EUROPE - Take-up of office space in Europe increased marginally in the second quarter despite growing economic uncertainty over austerity measures and concerns surrounding sovereign debt, according to Jones Lang LaSalle (JLL).
Latest quarterly figures for JLL's European Property Clock showed office take-up increase by 2.6m square metres in the second quarter, up 6% on the previous quarter and 34% on Q2 2009.
Furthermore, take-up for the first half of 2010 is now 38% higher than it was for the same period in 2009, with improvements in both western and central and eastern European markets, up by 32% and 73%, respectively.
Prime rental levels stabilised in the majority of locations in the second quarter.
The Office Index, based on the weighted performance of 24 markets, increased by 2.6% on the previous quarter, showing the first positive growth on an annual level (2.3%) since the third quarter of 2008.
The biggest rise in rents was seen in London's West End (13.3%), Paris (7.1%), City of London (5.3%) and Dusseldorf (2.3%).
However, quarterly rental falls were recorded in Dublin (5.3%), Frankfurt (2.9%), Madrid (2.6%), Barcelona (2.4%) and Hamburg (2.2%).

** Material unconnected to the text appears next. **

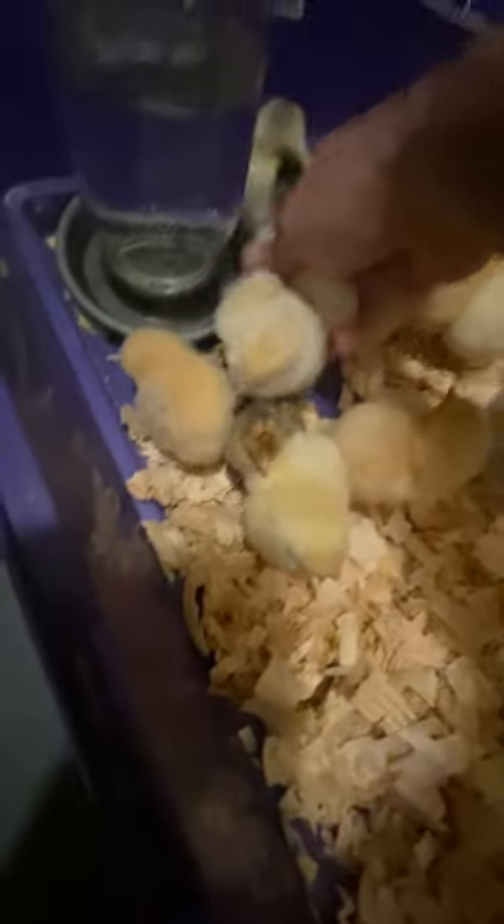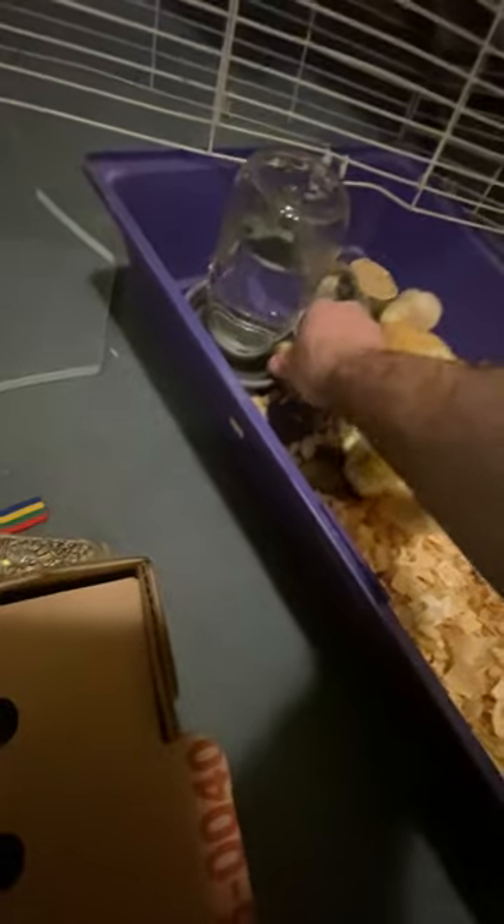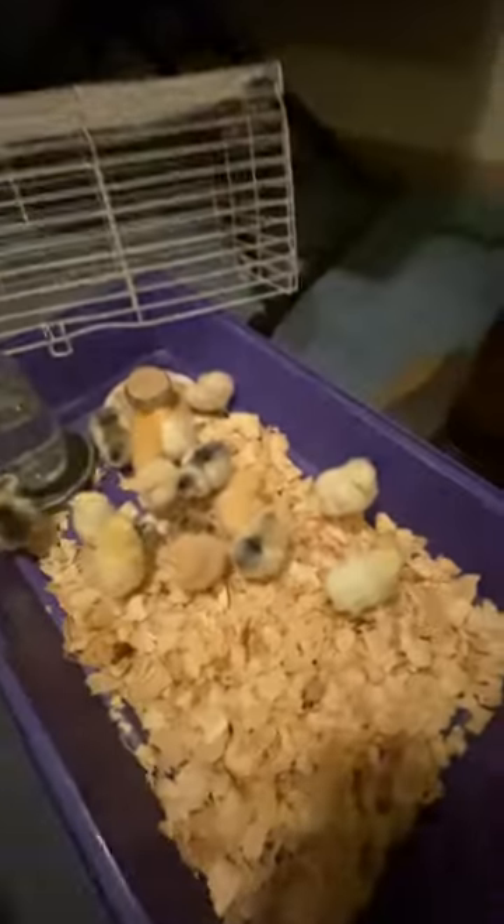One more in here. Look at them all. Hey, baby. Oh, she's thirsty. Got a little water — it goes in there. There, got them all in there.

Chris Staveley, head of pan-European office and industrial capital markets, said: "Signs of economic recovery are beginning to feed through into office demand, but occupiers still remain cautious, and we expect annual volumes to be slightly below the five-year average of 11m square metres."

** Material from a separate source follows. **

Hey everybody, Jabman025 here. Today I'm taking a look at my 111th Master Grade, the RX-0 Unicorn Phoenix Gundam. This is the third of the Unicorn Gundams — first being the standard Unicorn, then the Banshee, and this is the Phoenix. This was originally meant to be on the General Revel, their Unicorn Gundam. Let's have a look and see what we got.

Approximately 1.4m square metres of new stock was added in the second quarter, a 25% increase on the first quarter.
Despite this new stock, tightening supply of quality space is driving rental stability and even growth.

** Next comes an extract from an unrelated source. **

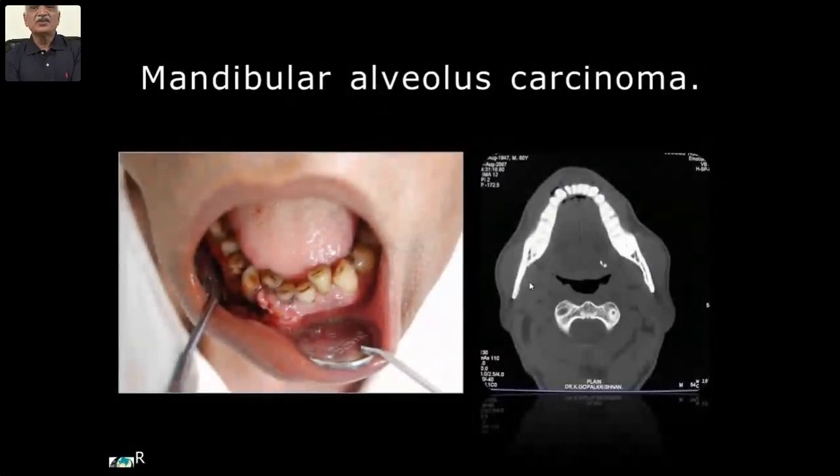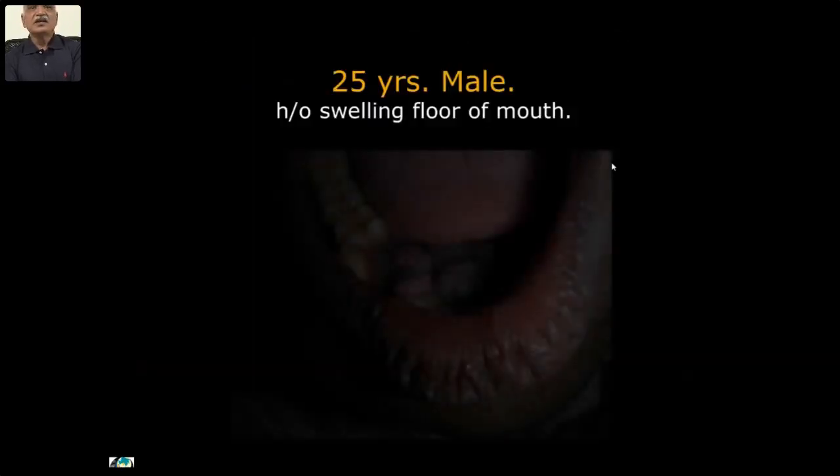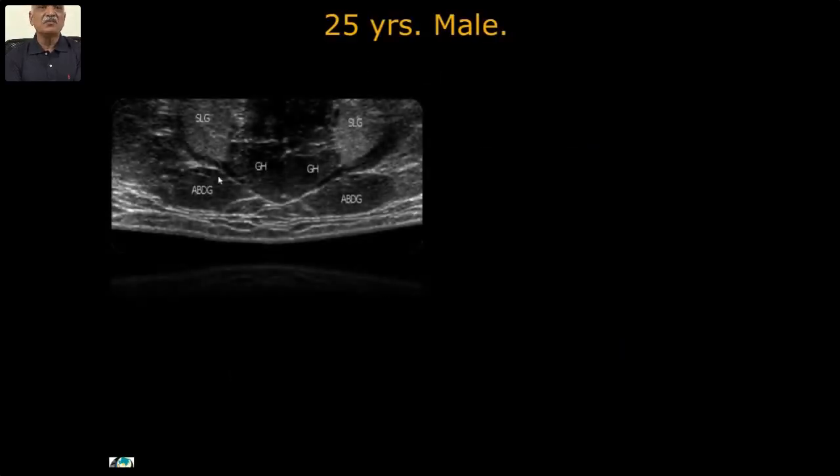Alveolar carcinoma: unless you take very thin slices, cortical margin evaluation for destruction is very difficult. But here you can see the cortical margin is destroyed with the underlying growth. Another case: already proven malignancy — clinically and on ultrasound — and this is a normal versus abnormal submental area.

The average European vacancy rate remained stable in Q2 at 10.2%, increasing slightly to 9.8% in Western Europe, but falling substantially in CEE from 16.4% to 14.6%.
This decline was particularly driven by decreases in Moscow and Budapest, while increases were recorded in both Prague and Warsaw.
"Though half of the markets analysed saw vacancy rates increasing, the overall pace is easing, and most markets have reached or passed their peak," Staveley said.
"High vacancy rates of over 15% can still, however, be found in Amsterdam, Dublin, Budapest and Moscow, and there remains a significant spread across Europe, with Paris now showing the lowest vacancy rate at 6.8%."
He said he expected a shortage of new supply in some markets as early as 2011 given the large number of projects postponed during the credit crunch.
"Conversely," he added, "the supply of second-hand space is likely to increase further in some markets during 2010 as occupiers seek to rationalise or even upgrade their space.
"As a consequence, grade-A supply is likely to continue to decline, but the overall vacancy rate will remain above average until after 2014."